Our goal is to improve the histogram method by finding a function which is smoother but still a valid PDF. The general idea of the Parzen window estimator is to use multiple so-called kernel functions and place such a function at each position where a data point is located. We are superposing all of these kernels and scale the result to our needs. The resulting function from this process is our PDF. We implement this idea by replacing the cardinality of the bins $$b_i$$ in \eqref{eq:ParzenWindow_Histogram} with something more sophisticated (still for the one-dimensional case):

Kernel density estimation (Parzen window estimation) [1D]

Let $$X = (x_1, x_2, \ldots, x_N)^T \in \mathbb{R}^{N \times 1}$$ be the column vector containing the data points $$x_i \in \mathbb{R}$$. Then, a valid PDF, which returns the probability density for an arbitrary $$x$$-value, can be estimated via the Parzen window estimator as

$$\label{eq:ParzenWindow_KernelDensity} \hat{p}(x) = {\color{Orange}\frac{1}{h \cdot N}} \cdot {\color{Aquamarine}\sum_{i=1}^N} {\color{Red}K}\left( \frac{{\color{Mahogany}x_i -} x}{{\color{LimeGreen}h}} \right).$$

The data is collected in bins of width $$h$$ and the estimation is created via superposition of kernels $$K$$. The kernels have to be valid PDFs itself.

To calculate an arbitrary value $$x$$, we now need to iterate over the complete dataset and sum up the result of the evaluated kernel functions $$K(x)$$. The nice thing is that $$\hat{p}(x)$$ inherits the properties of the kernel functions. If $$K(x)$$ is smooth, $$\hat{p}(x)$$ tends to be smooth as well. Therefore, the kernel dictates how $$\hat{p}(x)$$ behaves, how smooth it is and what the contribution of each $$x_i$$ is to any $$x$$ which we might plug into $$\hat{p}(x)$$. A common choice is to use standard normal Gaussians which we will also use in the example later. What is more, it can be shown that if $$K(x)$$ is a valid PDF, i.e. satisfying, among others, \eqref{eq:ParzenWindow_PDFConstraints}, $$\hat{p}(x)$$ is a valid PDF as well!

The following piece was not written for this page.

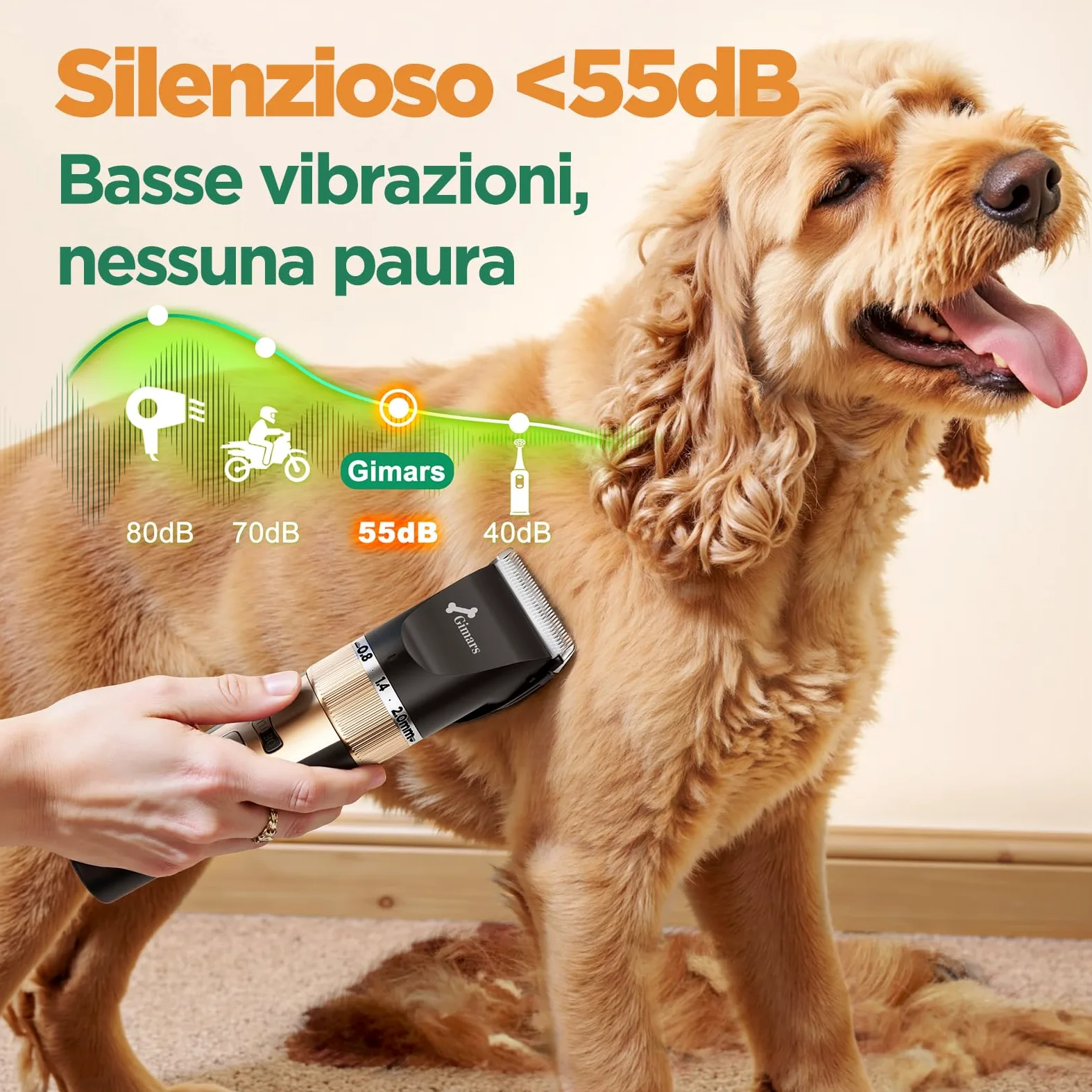 Gimars Silenzioso Tosatrice per Cani Professionale, Impermeabile IPX7 Rasoio per Cani Pelo Lungo, Macchinetta per Gatti, Dorata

Two operations are performed in the argument of the kernel function. The kernel is shifted to the position $$x_i$$ and stretched horizontally by $$h$$ to determine the main range of the contribution. Similar to before, $$h$$ specifies how many points contribute to the bins – only that the bins are now more complicated. We don't have a clear bin-structure anymore since the bins are the result of the superposed kernel functions.

And the last part is to scale the whole function by $$h \cdot N$$. As before in \eqref{eq:ParzenWindow_Histogram}, this is necessary so that the area enclosed by $$\hat{p}(x)$$ equals 1 (requirement for a valid PDF). This is also intuitively clear: as more points we have in our dataset, as more we sum up and to compensate for this we need to scale-down $$\hat{p}(x)$$. Likewise, as large the bin width $$h$$, as wider our kernels get and as more points they consider. In the end, we have to compensate for this as well.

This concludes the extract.